BACKGROUND OF THE INVENTION
Within about the past five years, wheeled luggage of the type having a
box-like body, a pair of wheels adjacent the sides of the lower edge of
the back wall of the body, and a towing handle that pulls out from
adjacent the top edge of the back wall have become immensely popular. Most
wheeled luggage of that type has a U-shaped towing handle, the legs of
which telescope into tubular sheathes that are located within the bag
along the back wall panel of a hard box-like casing that forms five of the
six sides of the luggage body.
It is well-known to have a releasable lock mechanism associated with the
two legs of the towing handle for locking the handle in the stowed
position within the sheaths and the towing position in which the handle
extends from the bag body. Among the previously known lock mechanisms are
some that include spring-loaded lock rods that move in opposite directions
along an axis transverse to the legs of the towing handle in and out of
holes in the legs and an actuator having sloping face cams, each of which
engages a sloping cam follower surface on the corresponding lock rod.
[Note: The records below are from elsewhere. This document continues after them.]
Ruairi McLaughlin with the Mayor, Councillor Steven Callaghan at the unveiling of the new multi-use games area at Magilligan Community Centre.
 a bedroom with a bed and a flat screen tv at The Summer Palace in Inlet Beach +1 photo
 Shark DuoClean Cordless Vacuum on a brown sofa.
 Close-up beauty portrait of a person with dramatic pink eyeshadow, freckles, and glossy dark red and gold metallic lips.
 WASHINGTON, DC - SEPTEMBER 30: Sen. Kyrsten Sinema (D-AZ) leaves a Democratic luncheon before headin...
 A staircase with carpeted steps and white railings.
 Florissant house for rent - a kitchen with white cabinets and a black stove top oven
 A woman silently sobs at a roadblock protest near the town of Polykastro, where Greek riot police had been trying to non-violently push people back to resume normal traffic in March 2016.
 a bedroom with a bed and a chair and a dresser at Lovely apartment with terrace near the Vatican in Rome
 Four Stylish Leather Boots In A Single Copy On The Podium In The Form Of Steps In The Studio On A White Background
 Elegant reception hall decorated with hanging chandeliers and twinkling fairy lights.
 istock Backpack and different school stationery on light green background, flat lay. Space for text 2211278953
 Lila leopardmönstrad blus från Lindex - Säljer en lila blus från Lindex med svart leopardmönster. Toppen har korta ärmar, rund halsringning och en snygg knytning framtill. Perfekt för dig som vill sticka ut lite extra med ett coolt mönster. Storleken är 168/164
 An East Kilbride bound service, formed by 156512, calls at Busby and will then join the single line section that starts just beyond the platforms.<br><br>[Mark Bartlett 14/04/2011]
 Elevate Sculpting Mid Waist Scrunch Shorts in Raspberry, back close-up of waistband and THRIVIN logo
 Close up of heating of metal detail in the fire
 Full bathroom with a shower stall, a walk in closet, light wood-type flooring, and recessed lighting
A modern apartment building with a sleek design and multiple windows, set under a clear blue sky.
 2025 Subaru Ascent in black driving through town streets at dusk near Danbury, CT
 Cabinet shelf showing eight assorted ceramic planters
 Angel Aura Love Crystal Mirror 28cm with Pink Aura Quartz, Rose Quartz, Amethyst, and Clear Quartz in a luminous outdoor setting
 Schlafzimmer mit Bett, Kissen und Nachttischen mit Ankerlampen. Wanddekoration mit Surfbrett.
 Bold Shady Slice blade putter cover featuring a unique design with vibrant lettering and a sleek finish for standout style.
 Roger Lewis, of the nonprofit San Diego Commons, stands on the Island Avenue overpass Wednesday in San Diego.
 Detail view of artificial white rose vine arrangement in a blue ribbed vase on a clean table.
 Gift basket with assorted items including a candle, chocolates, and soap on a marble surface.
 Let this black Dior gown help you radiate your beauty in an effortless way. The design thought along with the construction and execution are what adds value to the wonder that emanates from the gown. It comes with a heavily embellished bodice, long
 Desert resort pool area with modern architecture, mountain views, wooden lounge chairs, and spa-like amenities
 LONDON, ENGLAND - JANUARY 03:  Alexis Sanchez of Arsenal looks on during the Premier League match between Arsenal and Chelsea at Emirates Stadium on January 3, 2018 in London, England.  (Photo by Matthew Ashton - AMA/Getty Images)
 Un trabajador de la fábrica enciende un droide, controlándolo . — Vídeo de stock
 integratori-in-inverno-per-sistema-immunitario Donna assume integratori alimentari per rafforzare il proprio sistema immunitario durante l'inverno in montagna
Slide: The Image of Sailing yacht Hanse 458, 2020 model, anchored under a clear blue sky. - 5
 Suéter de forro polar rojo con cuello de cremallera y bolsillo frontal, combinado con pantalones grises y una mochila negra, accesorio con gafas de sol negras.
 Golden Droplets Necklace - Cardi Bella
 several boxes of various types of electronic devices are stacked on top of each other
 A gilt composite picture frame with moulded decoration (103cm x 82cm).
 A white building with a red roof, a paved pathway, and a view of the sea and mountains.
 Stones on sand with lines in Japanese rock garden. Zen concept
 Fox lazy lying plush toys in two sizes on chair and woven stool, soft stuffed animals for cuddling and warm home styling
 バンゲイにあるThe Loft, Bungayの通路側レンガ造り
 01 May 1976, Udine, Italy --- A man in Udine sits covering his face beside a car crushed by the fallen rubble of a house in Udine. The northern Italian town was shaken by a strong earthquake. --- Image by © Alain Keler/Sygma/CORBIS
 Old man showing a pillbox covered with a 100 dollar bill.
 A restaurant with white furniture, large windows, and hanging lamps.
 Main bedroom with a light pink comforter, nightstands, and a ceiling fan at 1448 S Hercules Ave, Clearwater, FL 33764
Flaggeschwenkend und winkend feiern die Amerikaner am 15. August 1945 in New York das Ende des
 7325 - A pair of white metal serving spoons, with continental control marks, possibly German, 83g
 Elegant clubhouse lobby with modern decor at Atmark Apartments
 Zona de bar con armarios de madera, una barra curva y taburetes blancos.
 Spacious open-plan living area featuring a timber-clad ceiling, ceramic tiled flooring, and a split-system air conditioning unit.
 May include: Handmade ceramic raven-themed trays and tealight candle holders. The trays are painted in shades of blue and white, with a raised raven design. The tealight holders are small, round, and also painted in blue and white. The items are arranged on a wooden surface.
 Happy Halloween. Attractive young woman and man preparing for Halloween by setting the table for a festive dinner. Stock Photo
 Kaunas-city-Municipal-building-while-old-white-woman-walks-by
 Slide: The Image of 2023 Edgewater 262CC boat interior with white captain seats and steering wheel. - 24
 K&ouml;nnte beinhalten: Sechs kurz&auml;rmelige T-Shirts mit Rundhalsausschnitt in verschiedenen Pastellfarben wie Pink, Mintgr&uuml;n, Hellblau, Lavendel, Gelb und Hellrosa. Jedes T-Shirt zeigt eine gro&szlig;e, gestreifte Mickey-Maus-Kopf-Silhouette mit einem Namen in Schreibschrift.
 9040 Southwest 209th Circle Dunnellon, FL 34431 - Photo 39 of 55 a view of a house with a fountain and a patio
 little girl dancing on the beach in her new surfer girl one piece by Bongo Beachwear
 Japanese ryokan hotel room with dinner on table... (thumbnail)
Examples of previously known locking mechanism for the towing handles of
wheeled luggage of the type to which the present invention relates are
found in U.S. Pat. Nos. 5,499,426 (Hsich, 1996), 5,515,576 (Tsai, 1996),
and 5,526,908 (Wang, 1996).
The previously known lock mechanisms are of relatively complicated
construction, the designs including, with case-by-case variations, a
separate spring for each lock rod, screws or bolts and nuts for assembly,
and large push buttons with large spacings between the operating cams. The
complicated construction and intricate assembly result in high
manufacturing costs. The operating cams have planar surfaces oblique to
the axis of movement of the rods and act on follower surfaces on the rods
that are eccentric to the axis along which the lock rods move. The flat
surfaces are subject to high friction, particularly static friction that
acts when the push buttons are first depressed. The large spacing between
the cam surfaces can produce large moments on the driver bar of the push
button due to differences in the forces opposing movements of the lock
rods, which can lead to binding and sticking. At the very least,
previously known lock mechanisms for luggage towing handles are subject to
various load conditions due to high friction at the cam surfaces and at
surfaces that support and guide the lock rods, large moments arms,
eccentric forces, separate springs, and other design details, all of which
combine to impair smooth and reliable operation.
SUMMARY OF THE INVENTION
One object of the present invention is to provide a releasable lock
mechanism for a towing handle of an item of wheeled luggage that operates
smoothly and reliably. Another object is to provide a lock mechanism that
is configured to minimize friction forces between components that move
relative to one another. It is also an object to provide a lock mechanism
in which side loads on the locking rods are minimized when the mechanism
is actuated from an at-rest position, in which static friction forces must
be overcome. It is also desired to provide a lock mechanism that can be
manufactured at low cost and that can be assembled quickly and easily.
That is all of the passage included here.